12.16.2010

What About the Boys

This probably makes me a bitch, but I don't like mansplaining with my coffee. Even if it's from a woman. I'm not sure why I started watching the video over at Machines Like Us. It's offered with no commentary, so it's hard to say what the poster's intent was. But the video coming from the American Enterprise Institute should have clued me into its being a load of crap since the rest of their videos are all libertarian mumbo jumbo about how taxes are what's wrong with this country. I really wish our elected representatives had to take an up or down vote on a public option and those that voted no wouldn't receive healthcare from the government. If they're so sure it's a bad idea, I'm sure they won't mind buying their healthcare on the "private market" like they suggest for the rest of us.
 
But this doesn't have anything to do with healthcare. This is all about why aren't there more female scientists? The video is snippets from some panel mostly with Christina Hoff Summers who thinks women choose to go into other fields even if they are equally apt because other fields are more fulfilling. She's also the author of a bunch of bullshit books about how there's a "war on men" (like the war on Christmas right?). I agree with some of her concerns, but achieving parity between the genders in college attendance is not something I'm going to freak out about. Does this really mean fewer men are going to college now or just more women? We didn't worry about it in the 1950s when there were way fewer men, so why start a national movement to freak out about a few percentage lower men attending some colleges now? And anyways, her goals are all wrong. It's not because we've "forgotten" about the menfolk or that we're rigging the system in favor of women. It's because while women are making gains, inner-city and poor men are losing ground. So this is hardly a gender thing so much as a class thing. And I agree we should make more of an effort to support inner-city and disadvantaged youths, male or female. But reaching out the olive branch to the middle class, educated white men who read her books or follow her bullshit is going to gain us nothing in further educating anybody.
 
Where does she get off talking about women in science anyways? She has an unspecified BA and a doctorate in philosophy. So she's been in the folds of academia and liberal arts her entire life. Maybe when she gets a job in a math or science career or talks to more than one woman in the scientific field without holding her preconceived notions I'll give a damn about her.
 
Her ignorance is further amplified when she suggests there's a severe shortage of scientists and engineers in this country and that it's the NSF's responsibility to recruit people, both men and women (though I assume she means men since women choose to do other things). I guess she doesn't know about all the hoardes of scientists and engineers that are out of work right now. How there are all these PhDs in science who can't find jobs or have to live separately from their families or take extremely low pay just to keep working supposed to contend with even more people competing for the same low number of jobs.
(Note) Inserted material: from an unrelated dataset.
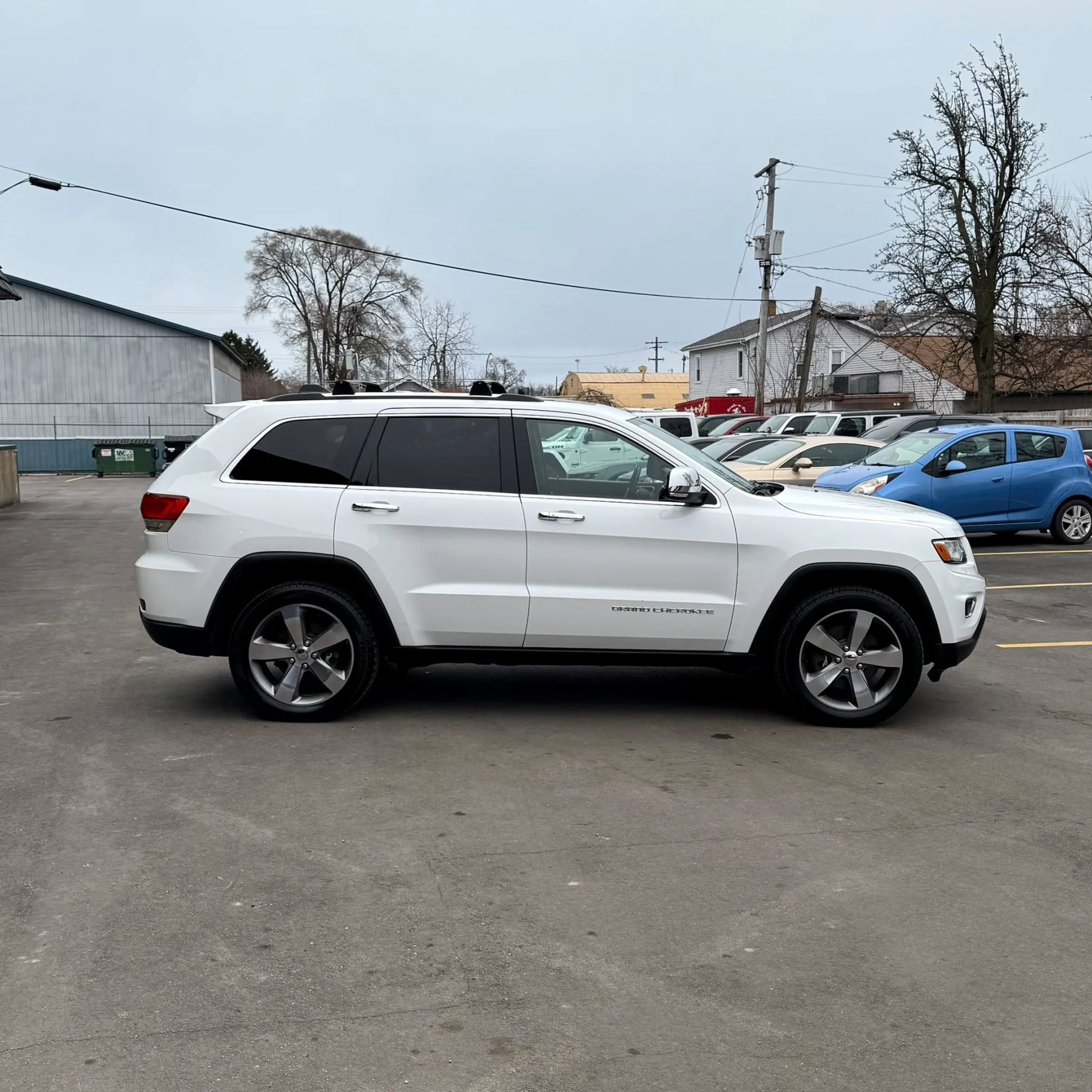 Used 2014 Jeep Grand Cherokee Limited w/ Luxury Group II image 14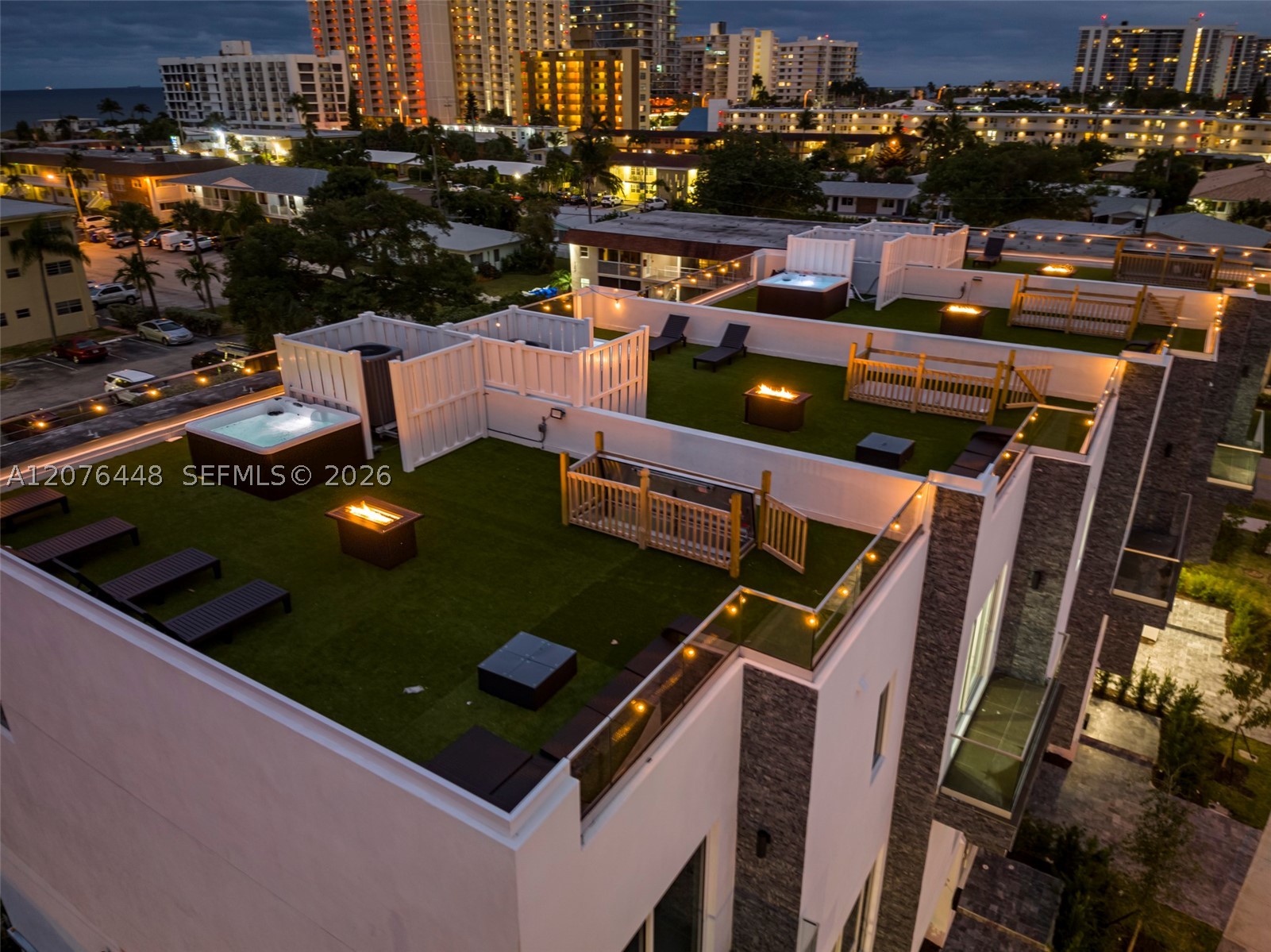 1000 N Riverside Dr, Pompano Beach FL 33062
I mean if she's even part libertarian she should know that if there's a market demand for these jobs, people will go into these careers. If we start creating companies that produce things and need scientists and engineers, people will start training in that instead of becoming lawyers or working on wall street.
 
Luckily for my blood pressure, someone sent me this article from 2006, Male Scientist Writes of Life as Female Scientist. Dr. Ben Barres is a neurobiologist who was once a woman and is now a man.

After he underwent a sex change nine years ago at the age of 42, Barres recalled, another scientist who was unaware of it was heard to say, "Ben Barres gave a great seminar today, but then his work is much better than his sister's."

And as a female undergraduate at MIT, Barres once solved a difficult math problem that stumped many male classmates, only to be told by a professor: "Your boyfriend must have solved it for you."

"By far," Barres wrote, "the main difference I have noticed is that people who don't know I am transgendered treat me with much more respect" than when he was a woman. "I can even complete a whole sentence without being interrupted by a man."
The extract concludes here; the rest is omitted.